9. Recycled oil mentioned in item 5 or 6 that has been blended with a petroleum product that meets the criteria mentioned in Schedule 2.


3.40      Most of the companies in this industry are small to medium sized businesses, with the exception of Transpacific Industries, which is a national company.

3.41      Mr Pullinger of the Australian Oil Recyclers Association (AORA) told the Committee that the proposed changes would threaten the future of the industry:

From a social perspective, the industry employs in excess of 400 people directly in all states of Australia. Nearly all of these people are employed in small- to medium-sized enterprises. They collect used oil in capital cities but, more importantly, in rural, regional and remote areas of Australia.

The changes to the Excise Act as currently proposed will severely affect the ability and viability of oil recyclers and collectors to survive in business and to continue and collect trade in used oil. It will also put in jeopardy the government’s goal and strategy of taking used oil out of the environment.[44]

3.42      Several aspects of the Bills appear to be of concern to this industry. In common with many of the other groups that made submissions to the inquiry, the major issue appears to be the increased cash flow requirements imposed by the imposition of excise on the supplied product. Also of major concern are expected difficulties in selling the product in competition with alternatives such as gas if the price that must be charged rises. This may make the industry less viable and if the fears of the industry are realised, potentially cause some companies to cease operations.

3.43      Suppliers of the product will in future be required to pay excise of 38.143 cents per litre, although this excise is to be recovered under the proposed fuel tax credits scheme, as burner fuels are to be excise exempt. A significant issue, as for other sectors, is the delay in receiving the money back.

3.44      For some sellers of the product, the requirement to add an excise component will add significantly to the price, at least until the excise is recovered, as the product price in some instances is quite low. Mr Pullinger told the Committee that a recycler will sell a filtered, dewatered product for 16.5 cents per litre including GST, but under the new regime the price increases to 58.5 cents per litre.[45] This change may add significantly to cash flow requirements. Mr Grundell of Transpacific Industries told the Committee that:

There are cash flow implications. To give you an idea of the quantum in terms of the Transpacific group, we are currently picking up between 60 and 70 per cent of all the used oil across Australia. Looking at that in isolation, the impost on our business is going to be to the tune of $800,000 on a weekly basis that we have to fund and find.


Also, we are effectively more than doubling our debt levels and exposure to the businesses. In terms of a customer becoming insolvent, what hope, if any, do we have of recovering those funds, given they will already have been expended?[46]

3.45      Mr Grundell told the Committee that the increased cost would make it harder to sell the product, calling the viability of the recycling industry into question, as customers could turn to alternative fuels such as coal or gas:

The markets for recovered or alternative fuels are continually under threat and pressure from gas or coal or a combination of both.
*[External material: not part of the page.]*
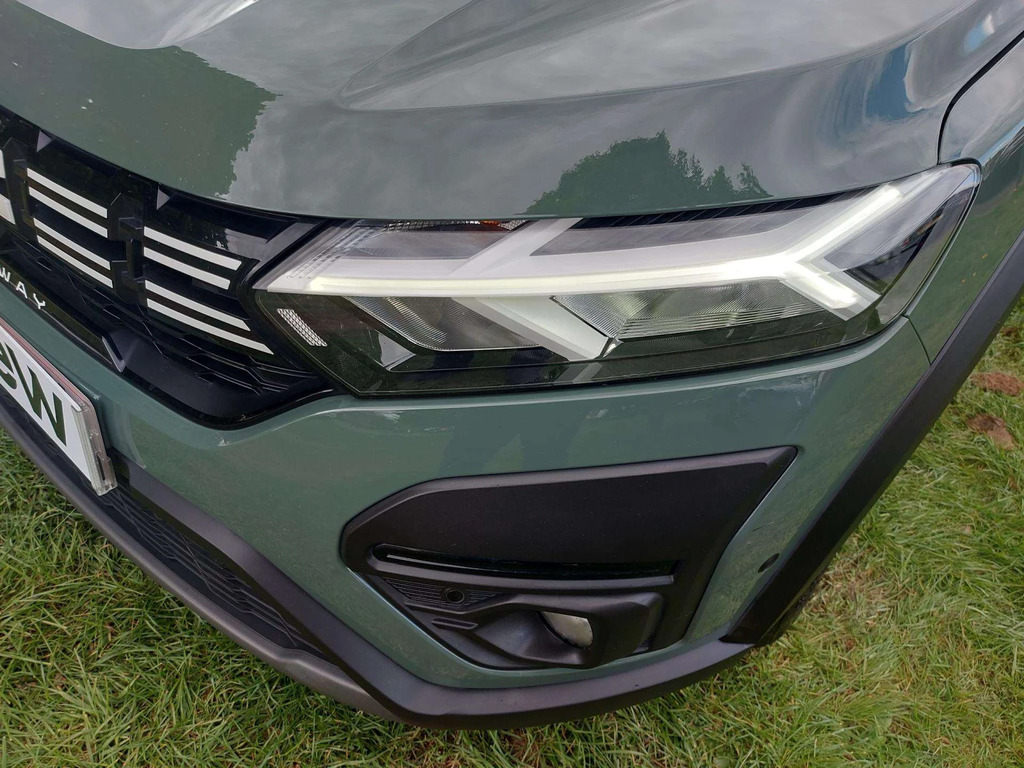 Dacia Sandero Stepway Stepway Journey Tce EY72YTL Green #5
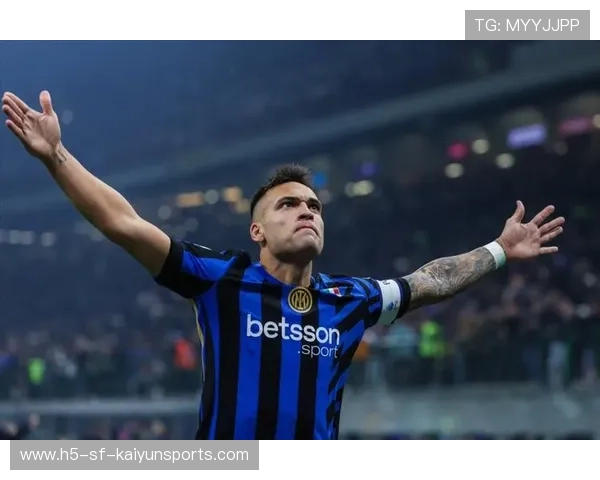 劳塔罗禁区内接应巴雷拉斜传，侧身凌空抽射破门助国际米兰锁定胜局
We are going to find it increasingly difficult to place material, particularly if it is carrying the burden of 38c a litre excise. We want to bring these things to the attention of the Committee and the public in general to ensure that everybody fully understands the ramifications of these changes to the recycling industry.[47]

3.46      The AORA made a similar point, noting that:

What is worrisome, is that some members have reported the loss of recycled oil sales to customers who will change to burner fuel gas which does not attract excise because they do not want to finance the cost of the $0.38143 while they wait for a Tax Credit on their BAS.[48]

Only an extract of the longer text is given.